Suppose we found that we have global wide service issue in our external monitoring, and fire an alert to the right team. Does the external monitoring result help the team to find the RCA and resolve them quickly. In my experience, external monitoring has no internal knowledge about the service. In other word, the result is the same as what our customer get, such as time out, service unavailable error code, trace id, no more no less. How we should handle in this case? This come to my next question:
6. How can we combine external monitoring, internal monitoring, log analysis and live-site troubleshooting tool together?
This is the main point of my post. Keep in mind, not a single solution can solve service issues, but a combination of all these solution plus a well design health model and alert system is the key. While investment on external monitoring seems cool, we still need internal monitoring, real time log analysis, and live-site trouble shooting or diagnose tool support. In my opinion, the latter might be more important than external monitoring since they are the key of understand service insight. For example, if you don't have good trouble shooting tool, you will find very hard to debug external monitoring failures. If you don't have real-time log analysis tool, you don’t know which service, which component has errors. Let me give an example how real time log analysis can resolve the issue I described in previous section. Suppose that there is one customer who always have log-in issue (not because of wrong password, but some service bugs only impact on him/her). In this case, no external monitoring can detect this although it is 100% unavailable for such customer. Most of our service have rich logs, and all exceptions and errors are records. If we apply data mining algorithms to these logs, it is not hard to find such customer and the root cause as well.

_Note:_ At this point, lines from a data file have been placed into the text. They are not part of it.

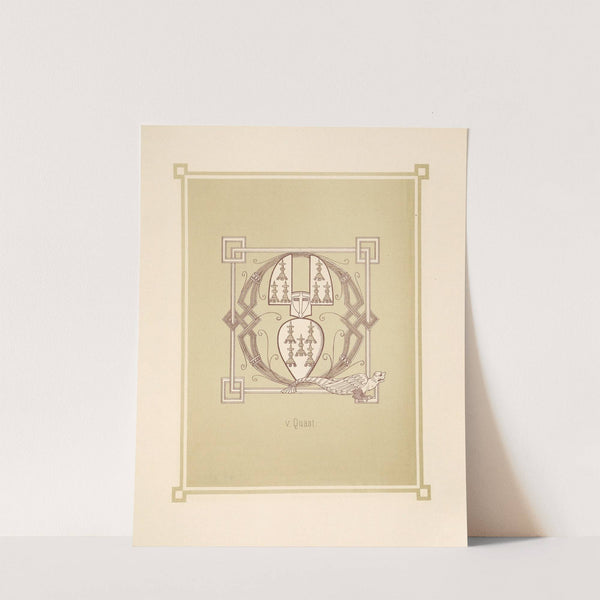 Heraldisches Alphabet Pl.17 (1884) by Adolf Matthias Hildebrandt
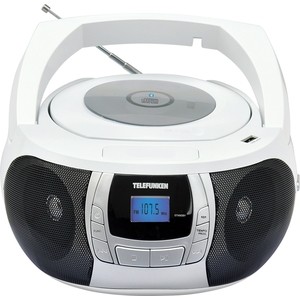 

Аудиомагнитола TELEFUNKEN TF-CSRP3498B белый/черный, TF-CSRP3498B белый/черный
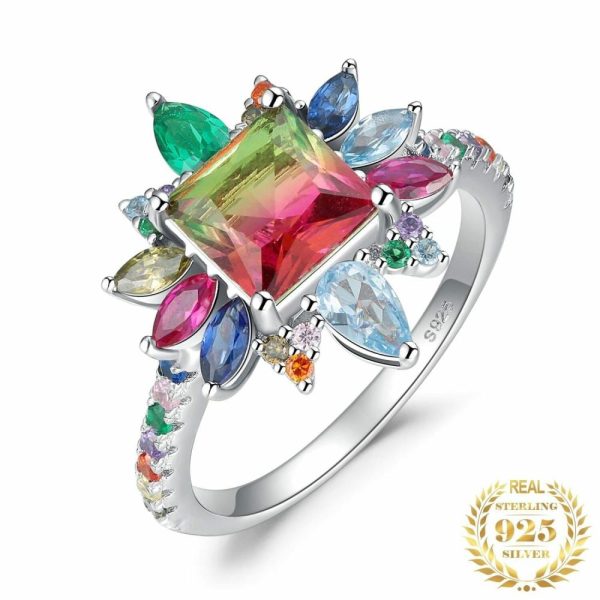 Tourmaline | 4.6ct Nano Simulated Watermelon Tourmaline – 925 Sterling Silver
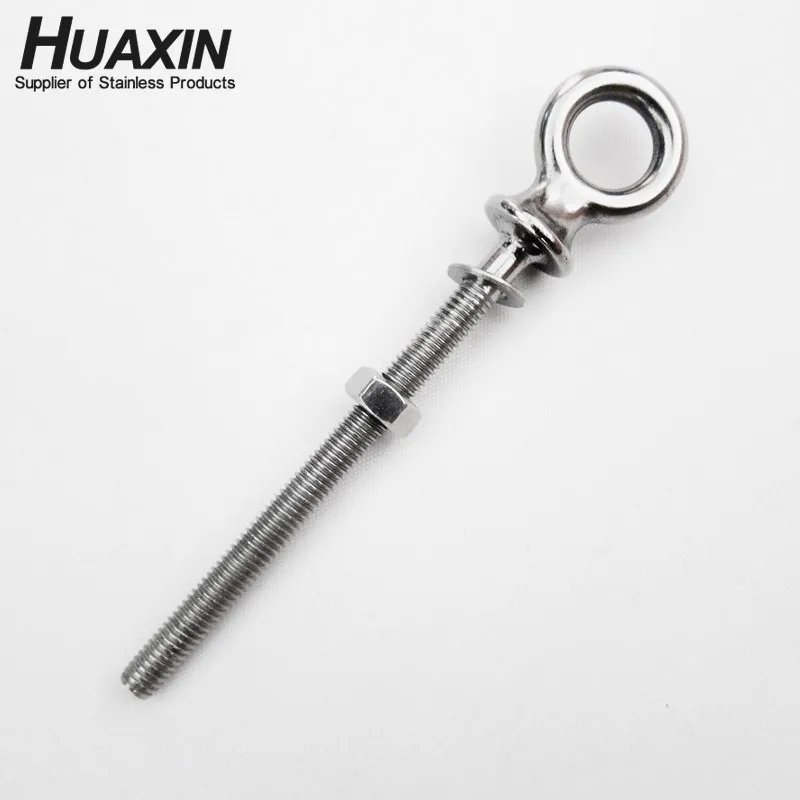 High Quality Exported AISI316 Stainless Steel Long Lifting Shoulder Eye Bolt M6*40 Pack Of 10pcs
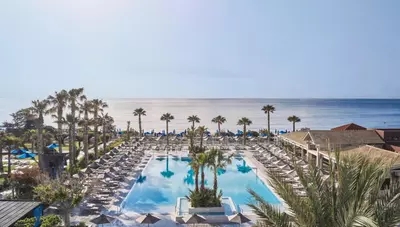 Rhodos - Faliraki - Esperides Beach Resort - pláž Rhodos - Faliraki - Esperides Beach Resort - pláž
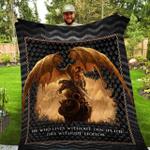 he who lives without discipline washable quilt p60 d2384535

The above examples shows the necessary to define a hierarchical service health model, such as service level, machine level, user level, and map your monitoring and alert solution to different levels with different priorities, and routing to the right team.
Conclusion, don’t think external monitoring as separate process or the most important area to invest. Thinking about the big picture, and combine all others techniques to provide a well-defined solution is necessary.